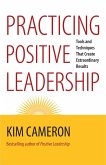 Practicing Positive Leadership: Tools and Techniques That Create Extraordinary Results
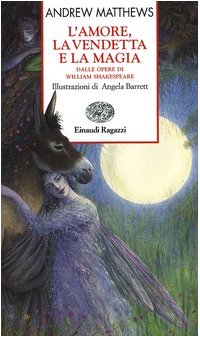 Beispielbild fr L'amore, la vendetta e la magia. Dalle opere di William Shakespeare Matthews, Andrew; Barrett, A. and Mazzarelli, P. zum Verkauf von Librisline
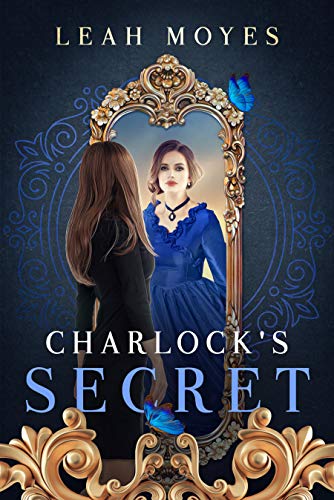 Charlock's Secret: A time travel romance (Charlock Series Book 1)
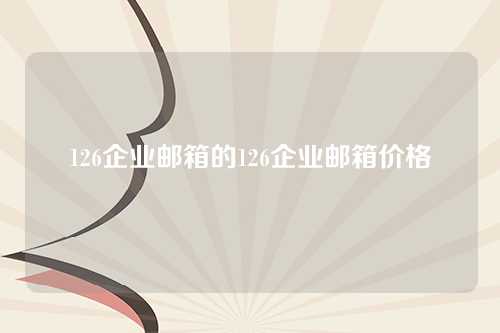 126企业邮箱的126企业邮箱价格
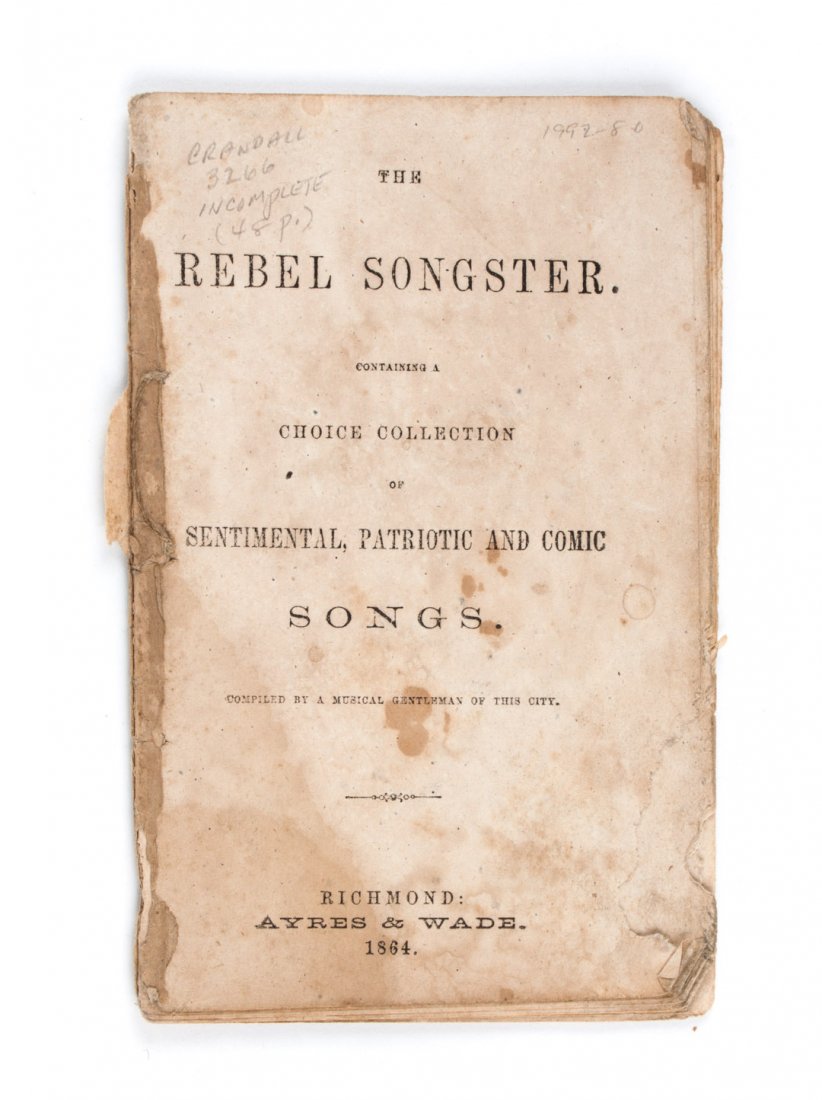 Music: The Rebel Songster, 1864: very rare (two known copies) Confederate imprint: Anon.; The Rebel Songster: Containing a Choice Collection of Sentimental, Patriotic and Comic Songs (Richmond: Ayers & Wade, 1864) small folio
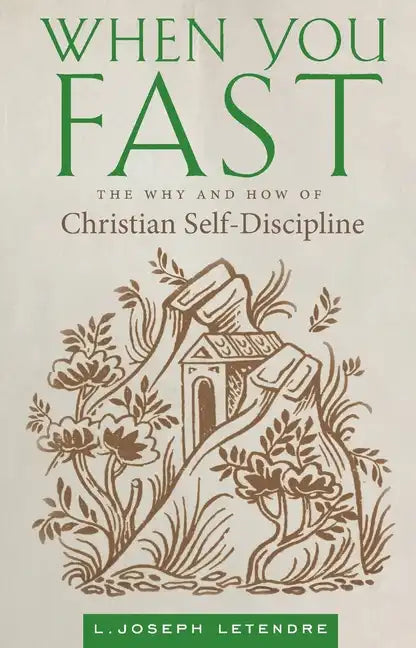When You Fast: The Why and How of Christian Self-Discipline - Paperback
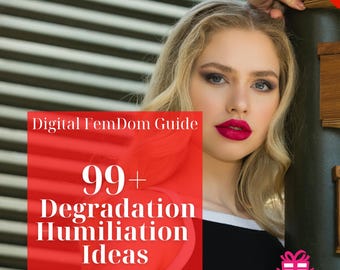 99+ Degradation and Humiliation Ideas - FemDom Guide | Digital Download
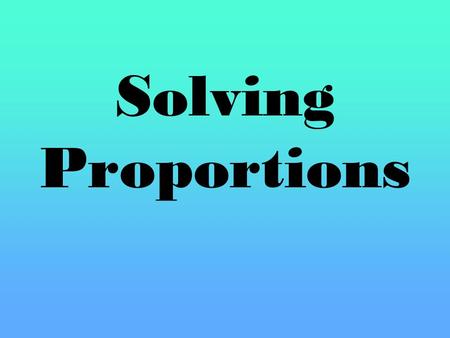 Solving Proportions.  Ratios: A comparison of two numbers using division.  Three ways to write Ratios:  a to b  a : b ,where b is not 0  Proportion:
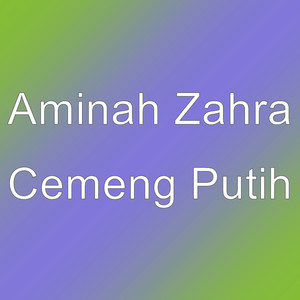 Download Lagu Aminah Zahra - Cemeng Putih MP3 Download Lagu Aminah Zahra - Cemeng Putih MP3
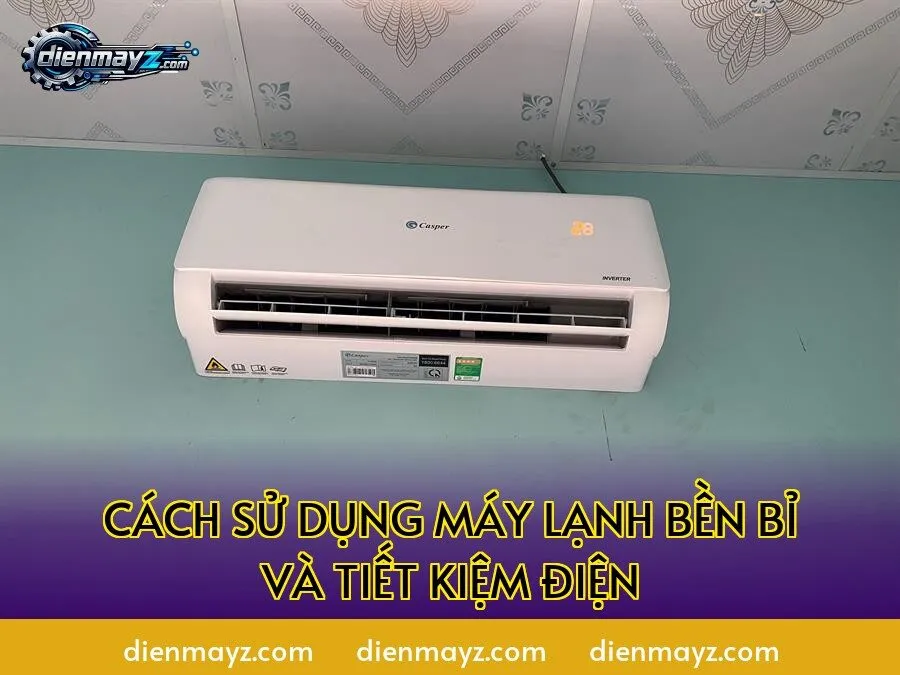 Cách sử dụng máy lạnh bền bỉ và tiết kiệm điện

____________________

Work to complete: The records above, copied word for word without the pictures, are what should be output.

Result of this task:
 Practicing Positive Leadership: Tools and Techniques That Create Extraordinary Results
 Beispielbild fr L'amore, la vendetta e la magia. Dalle opere di William Shakespeare Matthews, Andrew; Barrett, A. and Mazzarelli, P. zum Verkauf von Librisline
 Charlock's Secret: A time travel romance (Charlock Series Book 1)
 126企业邮箱的126企业邮箱价格
 Music: The Rebel Songster, 1864: very rare (two known copies) Confederate imprint: Anon.; The Rebel Songster: Containing a Choice Collection of Sentimental, Patriotic and Comic Songs (Richmond: Ayers & Wade, 1864) small folio
When You Fast: The Why and How of Christian Self-Discipline - Paperback
 99+ Degradation and Humiliation Ideas - FemDom Guide | Digital Download
 Solving Proportions.  Ratios: A comparison of two numbers using division.  Three ways to write Ratios:  a to b  a : b ,where b is not 0  Proportion:
 Download Lagu Aminah Zahra - Cemeng Putih MP3 Download Lagu Aminah Zahra - Cemeng Putih MP3
 Cách sử dụng máy lạnh bền bỉ và tiết kiệm điện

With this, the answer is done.